◆ **Work to complete**:
Reproduce each line, exactly, from the one containing "Jalan Kerongsang, Klang, Selangor 41200" through the end of the material. Exclude pictures.

◆ **Data provided**:
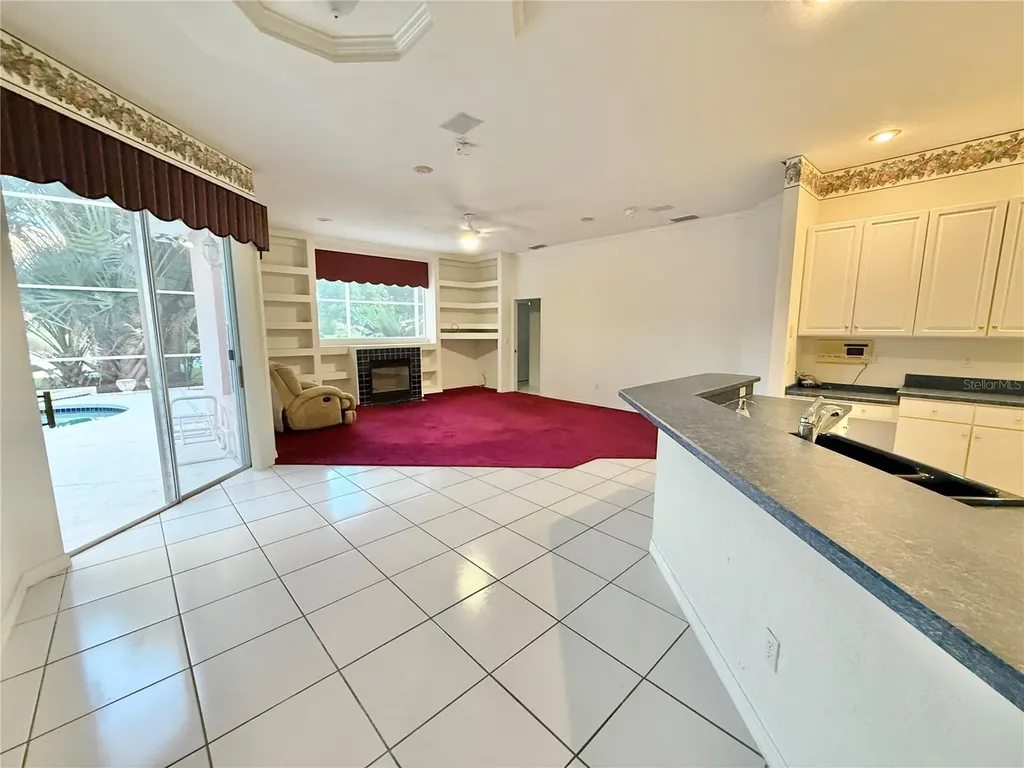 5829 Guenevere Court St Cloud FL 34772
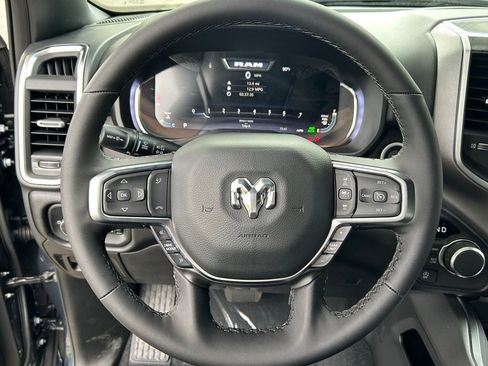 New 2026 RAM 1500 Big Horn image 18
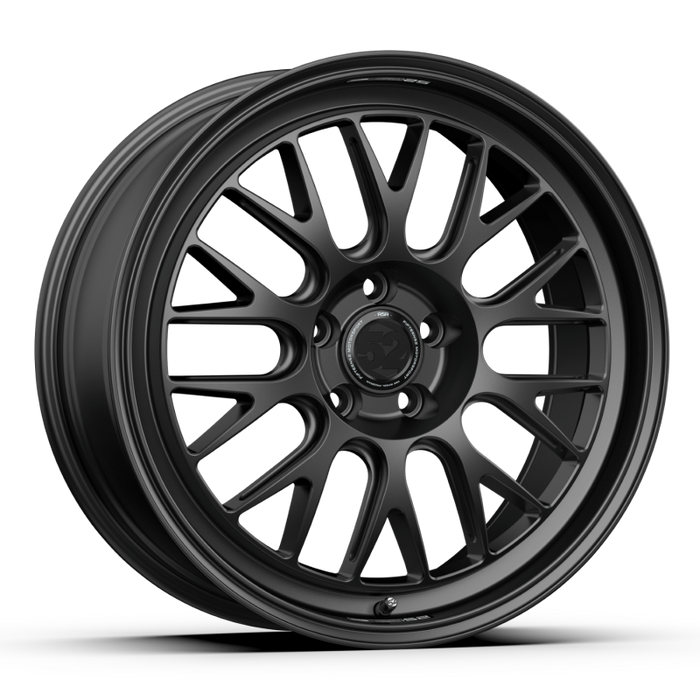 fifteen52 RSHFG-98551+42 Holeshot RSR 19x8.5 5x112 42mm ET 57.1mm Center Bore Frosted Graphite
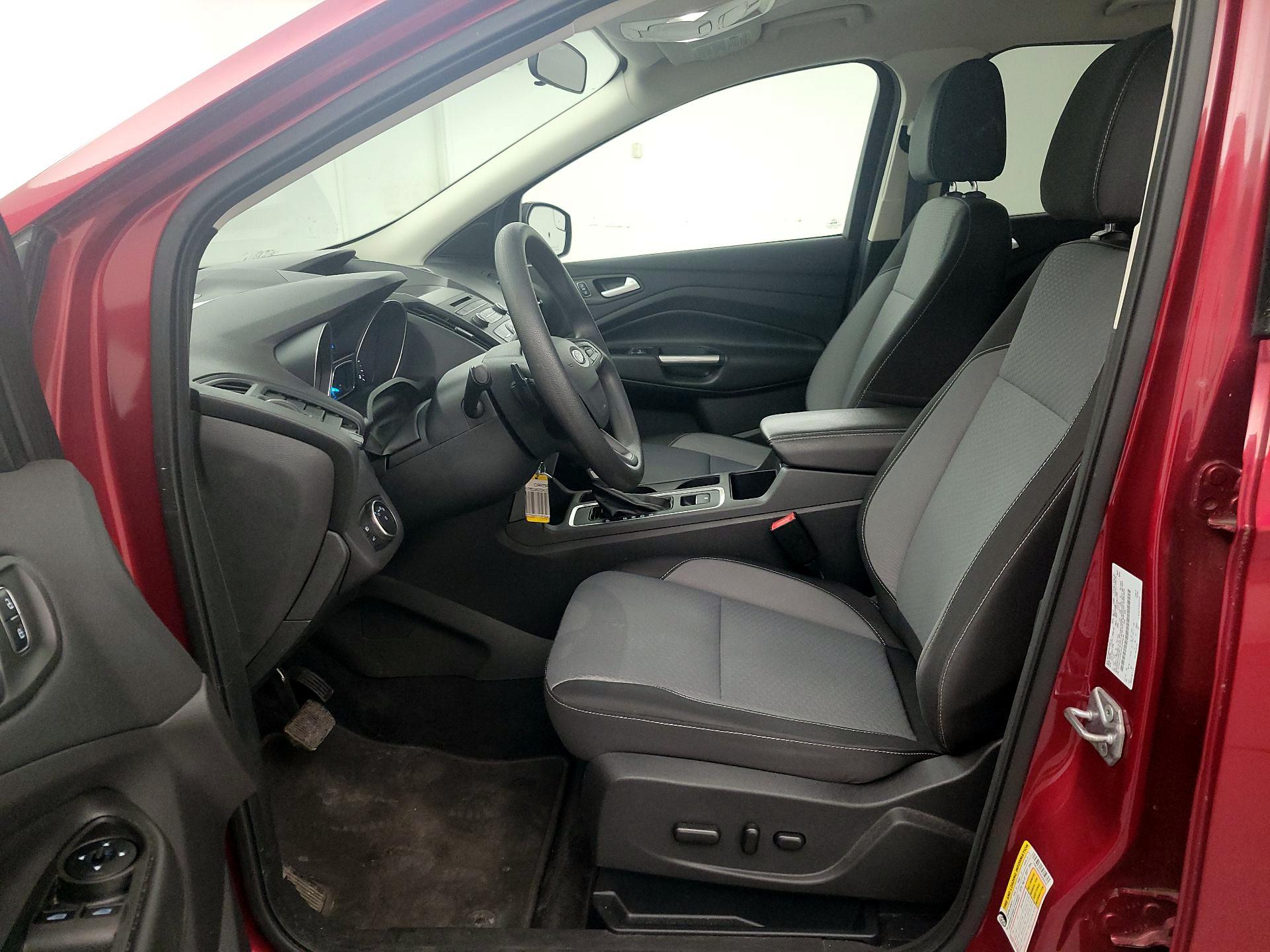 Thumbnail: 2017 Ford Escape - 11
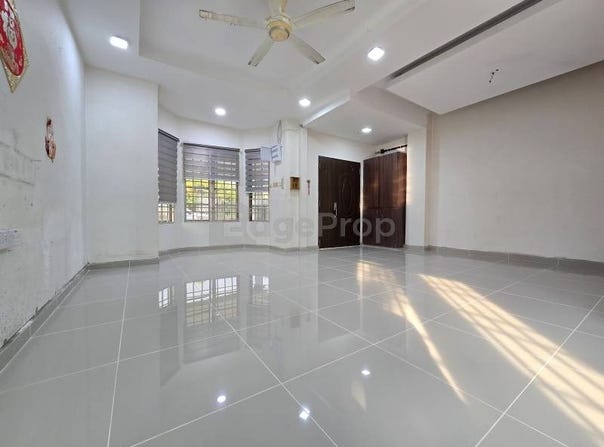 Jalan Kerongsang, Klang, Selangor 41200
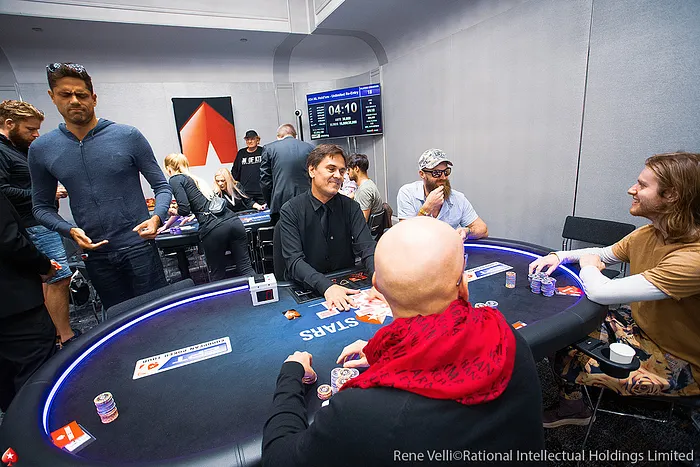 Bubble Benjamin Pollak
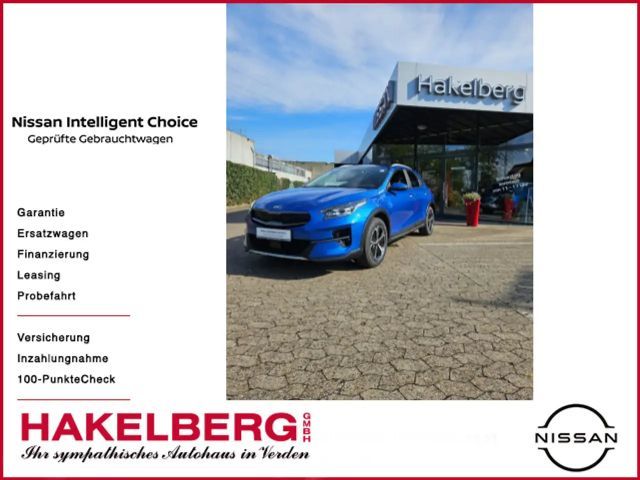Kia XCeed Hybrid PHEV Spirit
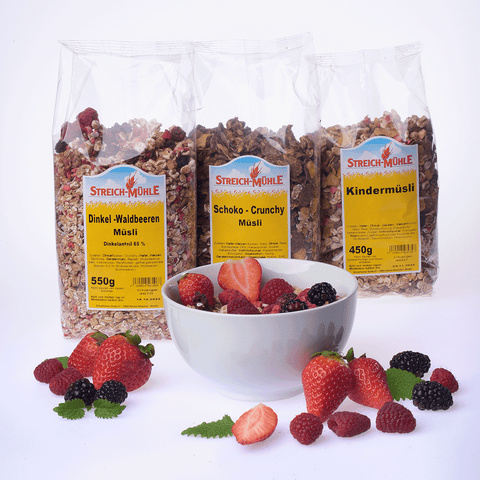 Müsli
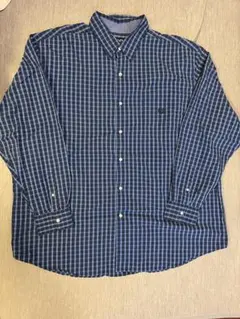 【希少サイズ‼️】CHAPS Ralph Lauren 3xl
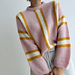 Georgia Sweater pattern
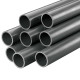 Труба ПВХ (PVC-U) напорная клеевая Era PN10 d125 мм, 3 м, уценка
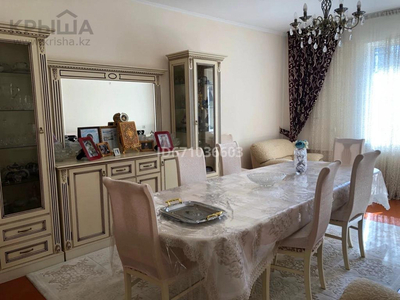 5-комнатный дом, 160 м², 6 сот., Берлесу Енбек 5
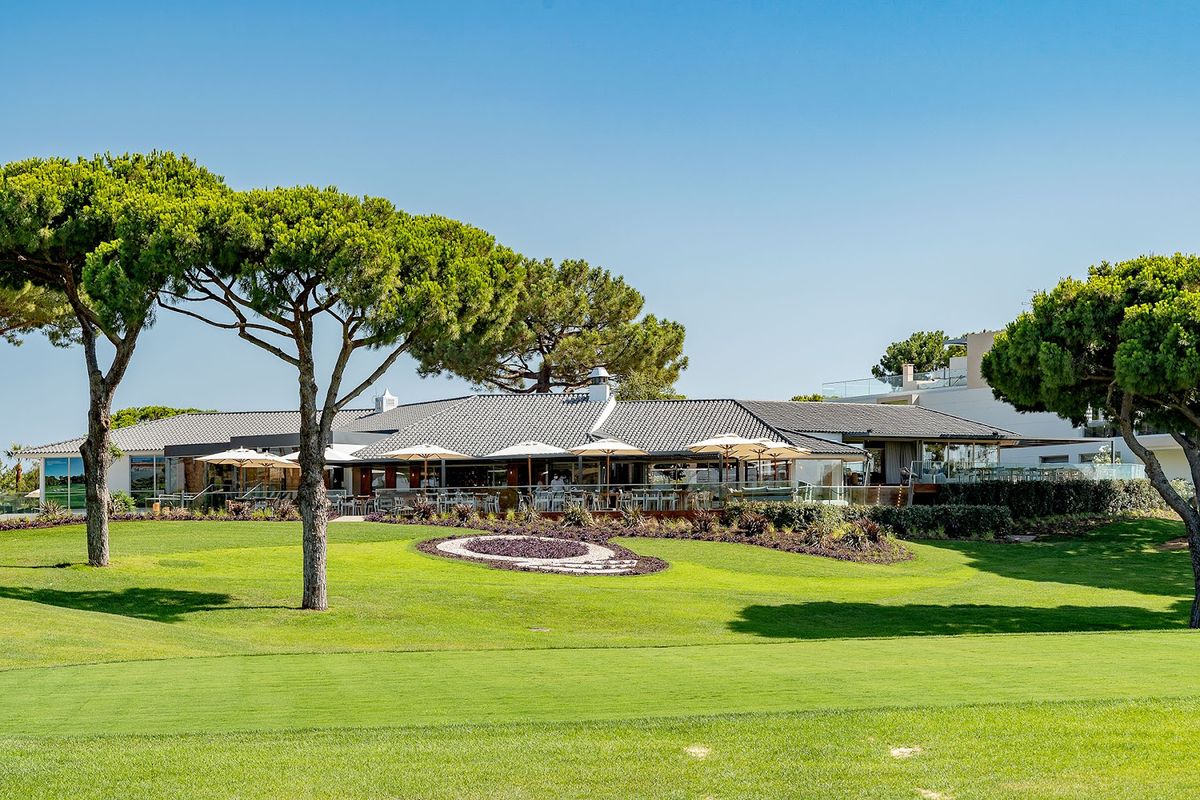 Quinta do Lago Golf Clubhouse South — photo 3 of 12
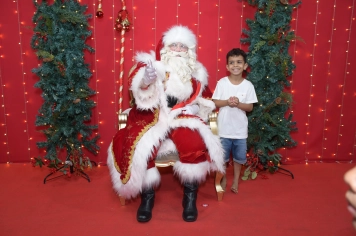 Foto - Natal Iluminado 2025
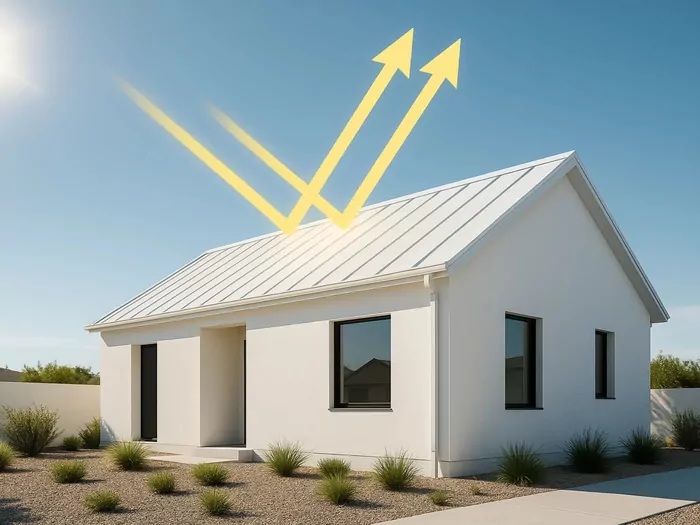 Cienkowarstwowa izolacja termiczna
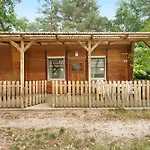 Tatil parkı 32 - Kimbucht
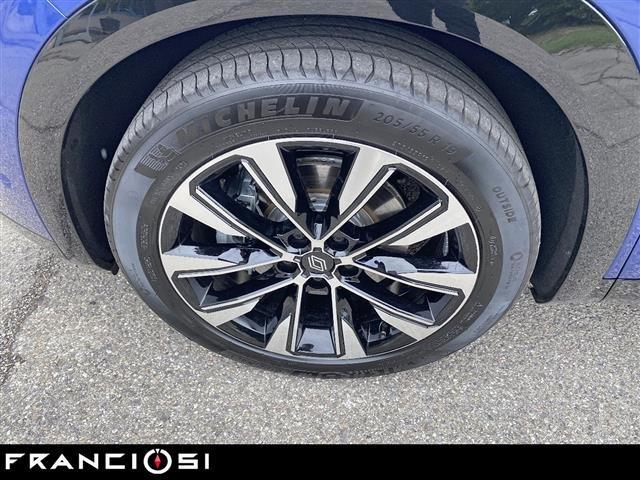 RENAULT Austral 1.2 E-Tech full hybrid Techno 200cv auto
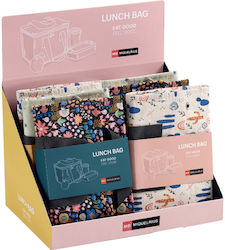 Miquelrius Handtasche für Lebensmittel 21x15x21cm Miquelrius Handtasche für Lebensmittel 21x15x21cm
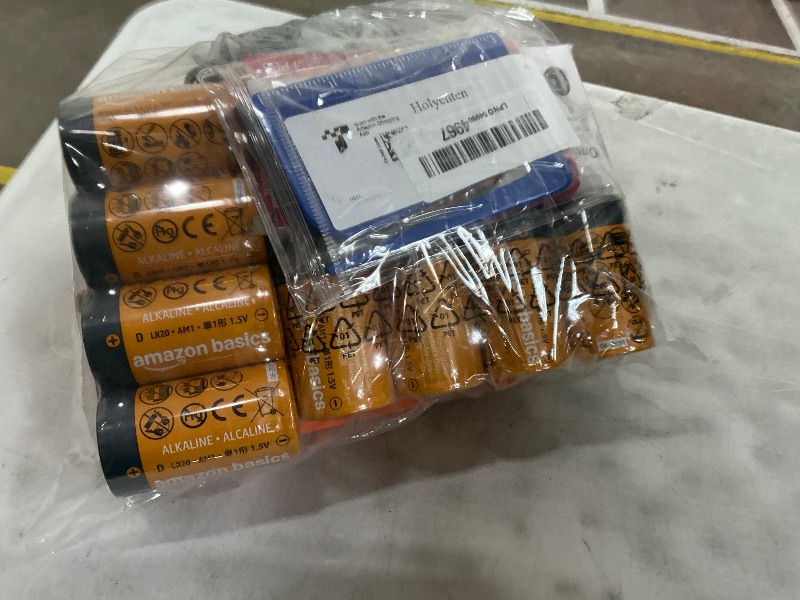 Photo 1 of 10 MISCLLANOUS ITEMS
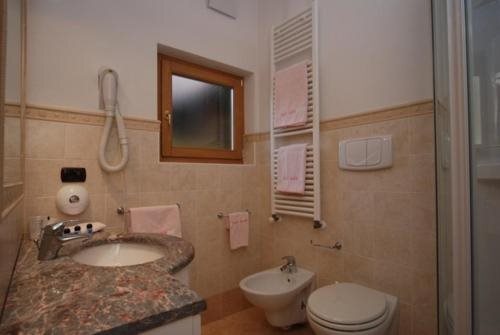 Sport Hotel Sass Maor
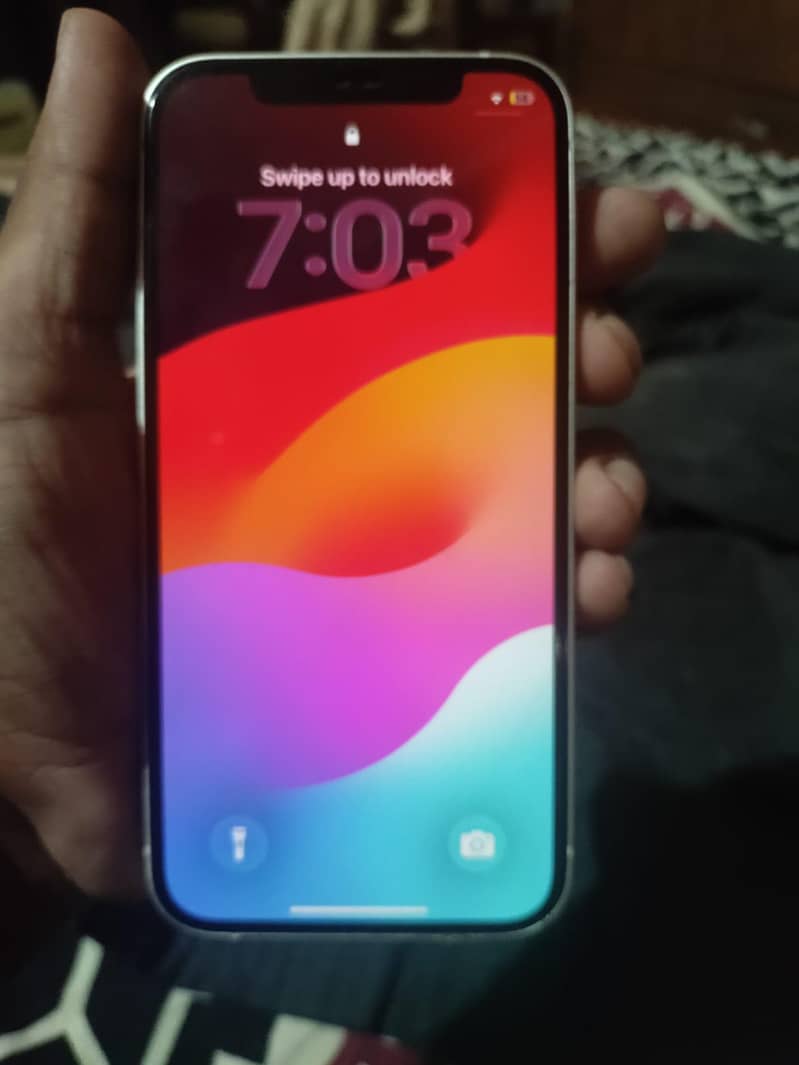 Apple iPhone 12 5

◆ **Your solution**:
 Jalan Kerongsang, Klang, Selangor 41200
 Bubble Benjamin Pollak
Kia XCeed Hybrid PHEV Spirit
 Müsli
 【希少サイズ‼️】CHAPS Ralph Lauren 3xl
 Georgia Sweater pattern
 Труба ПВХ (PVC-U) напорная клеевая Era PN10 d125 мм, 3 м, уценка
 5-комнатный дом, 160 м², 6 сот., Берлесу Енбек 5
 Quinta do Lago Golf Clubhouse South — photo 3 of 12
 Foto - Natal Iluminado 2025
 Cienkowarstwowa izolacja termiczna
 Tatil parkı 32 - Kimbucht
 RENAULT Austral 1.2 E-Tech full hybrid Techno 200cv auto
 Miquelrius Handtasche für Lebensmittel 21x15x21cm Miquelrius Handtasche für Lebensmittel 21x15x21cm
 Photo 1 of 10 MISCLLANOUS ITEMS
 Sport Hotel Sass Maor
 Apple iPhone 12 5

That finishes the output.